So I have to either learn how to use packetdrill or install a web server
and put load on it. If the Android tests are not publicly available then
the reference should be removed from the commit log.


> 
> // Test SOCK_DESTROY on SYN_RECV request sockets
> // We use the "ss" socket statistics tool, which uses inet_diag sockets.
> 
> // ss -K can be slow
> --tolerance_usecs=15000
> 
> 
>     0 socket(..., SOCK_STREAM, IPPROTO_TCP) = 3
>    +0 setsockopt(3, SOL_SOCKET, SO_REUSEADDR, [1], 4) = 0
>    +0 fcntl(3, F_SETFL, O_RDWR|O_NONBLOCK) = 0
>    +0 bind(3, ..., ...) = 0
>    +0 listen(3, 1) = 0
> 
>    +0 < S 0:0(0) win 32792 <mss 1000,sackOK,nop,nop,nop,wscale 2>
>    +0 > S. 0:0(0) ack 1 <mss 1460,nop,nop,sackOK,nop,wscale 8>
> 
> // ss -K is scary ! Do not mess with the filter or risk killing a lot of flows
>    +0 `ss -t -K -n state SYN-RECV src :8080 >/dev/null`
> 
>   +.1 < . 1:1(0) ack 1 win 32890
>    +0 > R 1:1(0)
> 
> // The listener was not killed, but has no available child -> -1 EAGAIN
>    +0 accept(3, ..., ...) = -1 EAGAIN (Resource temporarily unavailable)
> 

I'll give this a try later. Thanks,
Eric Dumazet July 7, 2018, 1:58 p.m. | #8
On 07/07/2018 06:29 AM, Eric Dumazet wrote:
> 
> 
> On 07/07/2018 06:11 AM, David Miller wrote:
>> From: Lorenzo Colitti <lorenzo@google.com>
>> Date: Sat,  7 Jul 2018 16:31:40 +0900
>>
>>> Tested: passes Android sock_diag_test.py, which exercises this codepath
>>
>> If this Android test case exercises this path, why didn't it trigger
>> the double free and thus cause this bug to be found much sooner?
>>
>> Just curious.
>>
> 
> Presumably android has not backported yet the refcount_t stuff in their kernels.
> 
> That is a guess though...
> 


Also maybe the confusion comes from the fact that it is not a double free,
but a use-after-free, which might cause a bug on kernels without
refcount_t saturation.
Eric Dumazet July 7, 2018, 2:16 p.m. | #9
On 07/07/2018 06:56 AM, David Ahern wrote:

> 
> So I have to either learn how to use packetdrill or install a web server
> and put load on it. If the Android tests are not publicly available then
> the reference should be removed from the commit log.

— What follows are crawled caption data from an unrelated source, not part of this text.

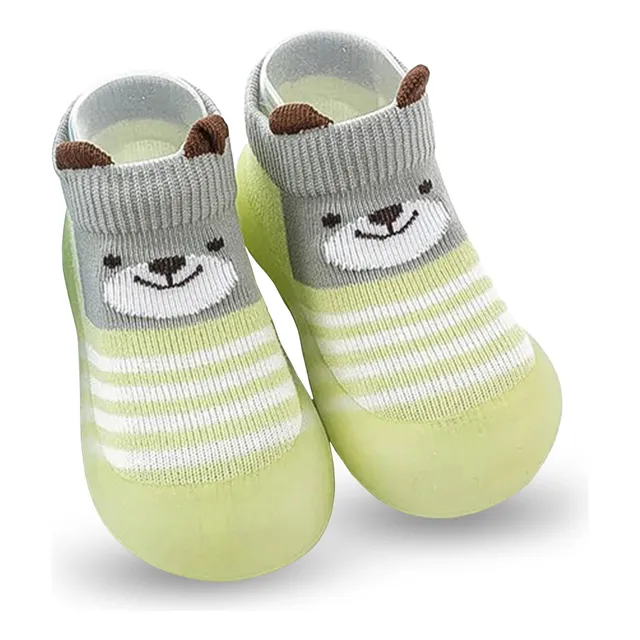 Zapatillas / Medias Antideslizante Para Bebés, Niños Y Niñas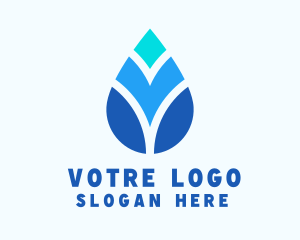 Purified Water Droplet Logo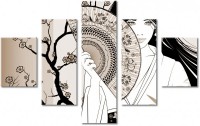 Tableau  5 panneaux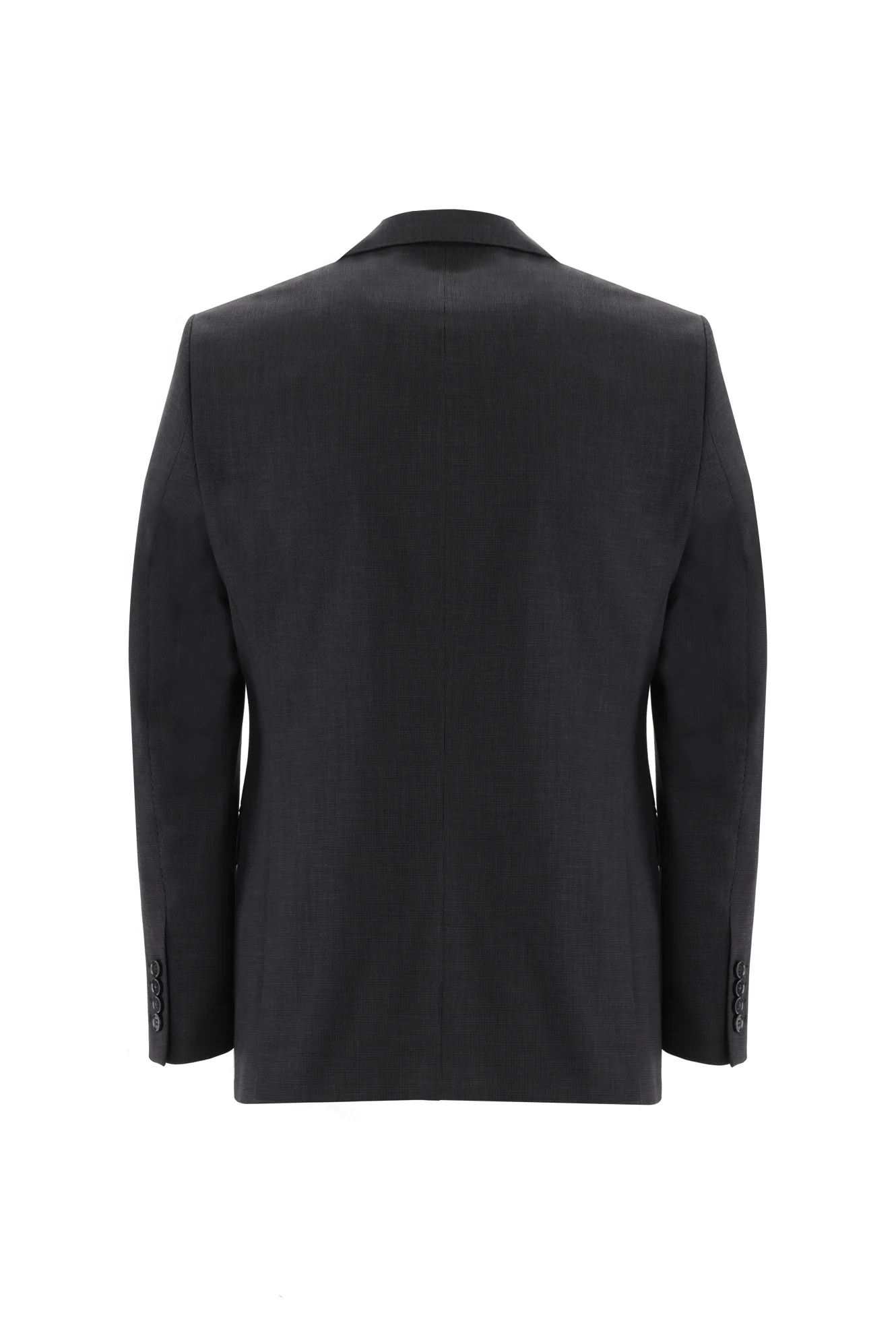 Koyu Kahve 6 Drop Regular Fit Standart Kesim Kuşgözü Takım Elbise - Image 3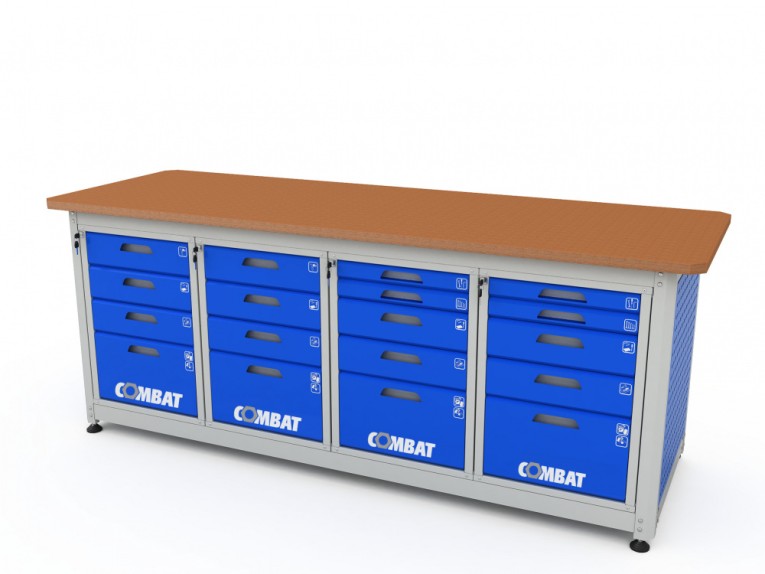 Верстак четырехтумбовый COMBAT 44455.2340 купить в Томске Верстак четырехтумбовый COMBAT 44455.2340 купить в Томске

We see many Change-Id tags in changelogs, and other tags that help various
teams, even if it makes little sense for others.

Now back to week-end, I am not really impressed by your gratitude today.
Eric Dumazet July 7, 2018, 2:19 p.m. | #10
On 07/07/2018 07:16 AM, Eric Dumazet wrote:
> 
> 
> On 07/07/2018 06:56 AM, David Ahern wrote:
> 
>>
>> So I have to either learn how to use packetdrill or install a web server
>> and put load on it. If the Android tests are not publicly available then
>> the reference should be removed from the commit log.
> 



( A google search for sock_diag_test.py show plenty  of git repos btw)
David Ahern July 7, 2018, 10:07 p.m. | #11
On 7/7/18 1:31 AM, Lorenzo Colitti wrote:
> When tcp_diag_destroy closes a TCP_NEW_SYN_RECV socket, it first
> frees it by calling inet_csk_reqsk_queue_drop_and_and_put in
> tcp_abort, and then frees it again by calling sock_gen_put.
> 
> Since tcp_abort only has one caller, and all the other codepaths
> in tcp_abort don't free the socket, just remove the free in that
> function.
> 
> Cc: David Ahern <dsa@cumulusnetworks.com>
> Tested: passes Android sock_diag_test.py, which exercises this codepath
> Fixes: d7226c7a4dd1 ("net: diag: Fix refcnt leak in error path destroying socket")
> Signed-off-by: Lorenzo Colitti <lorenzo@google.com>
> ---
>  net/ipv4/tcp.c | 3 +--
>  1 file changed, 1 insertion(+), 2 deletions(-)
> 

Thanks for the bugfix.

Reviewed-by: David Ahern <dsa@cumulusnetworks.com>
Tested-by: David Ahern <dsa@cumulusnetworks.com>
David Miller July 8, 2018, 1:57 a.m. | #12
From: Lorenzo Colitti <lorenzo@google.com>
Date: Sat,  7 Jul 2018 16:31:40 +0900

> When tcp_diag_destroy closes a TCP_NEW_SYN_RECV socket, it first
> frees it by calling inet_csk_reqsk_queue_drop_and_and_put in
> tcp_abort, and then frees it again by calling sock_gen_put.
> 
> Since tcp_abort only has one caller, and all the other codepaths
> in tcp_abort don't free the socket, just remove the free in that
> function.
> 
> Cc: David Ahern <dsa@cumulusnetworks.com>
> Tested: passes Android sock_diag_test.py, which exercises this codepath
> Fixes: d7226c7a4dd1 ("net: diag: Fix refcnt leak in error path destroying socket")
> Signed-off-by: Lorenzo Colitti <lorenzo@google.com>

Applied and queued up for -stable, thanks!
Lorenzo Colitti July 9, 2018, 4:53 a.m. | #13
On Sat, Jul 7, 2018 at 10:29 PM Eric Dumazet <eric.dumazet@gmail.com> wrote:
> >> Tested: passes Android sock_diag_test.py, which exercises this codepath
> >
> > If this Android test case exercises this path, why didn't it trigger
> > the double free and thus cause this bug to be found much sooner?
> >
> > Just curious.
>
> Presumably android has not backported yet the refcount_t stuff in their kernels.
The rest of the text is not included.